Being a part of this week makes you part of a fraternity really. You are connected to any of the 104 delegates who have attended the past 49 years. It is an elite network of ambitious individuals. I know that if down the road I ever needed a favor from a fellow delegate, he or she would be more than willing to help me out.

Anyway, I feel like I am rambling and probably gave more information than you would like to know. But I will end this entry with some of the highlights of tomorrow. We will listen to Former Chief Judge, U.S. Court of Appeals for the Tenth Circuit, Robert Henry. Also we will be listening to Nancy Erickson and Alan Frumin, Secretary of the Senate and Chief Parliamentarian of the Senate respectively.
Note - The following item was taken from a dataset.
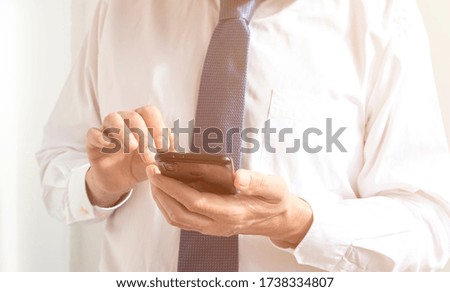 close up male hands of a businessman holding using texting phone. searching for information use internet. connecting people concept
We will also be visiting the Kennedy Caucus Room, the Reserve Officers Club, and the Supreme Court. We will visit the Supreme Court to meet Justice Clarence Thomas, known as the Silent Judge. In the past five years, he has not asked a single question during hearings. Maybe I will be brave enough to ask him about it. Also we will hear from Associate Senate Historinan, Betty Koed. The night will end with Ben Nelson speaking to us. I would say I am too excited to sleep, but the whole experience has me exhausted. Until my next entry.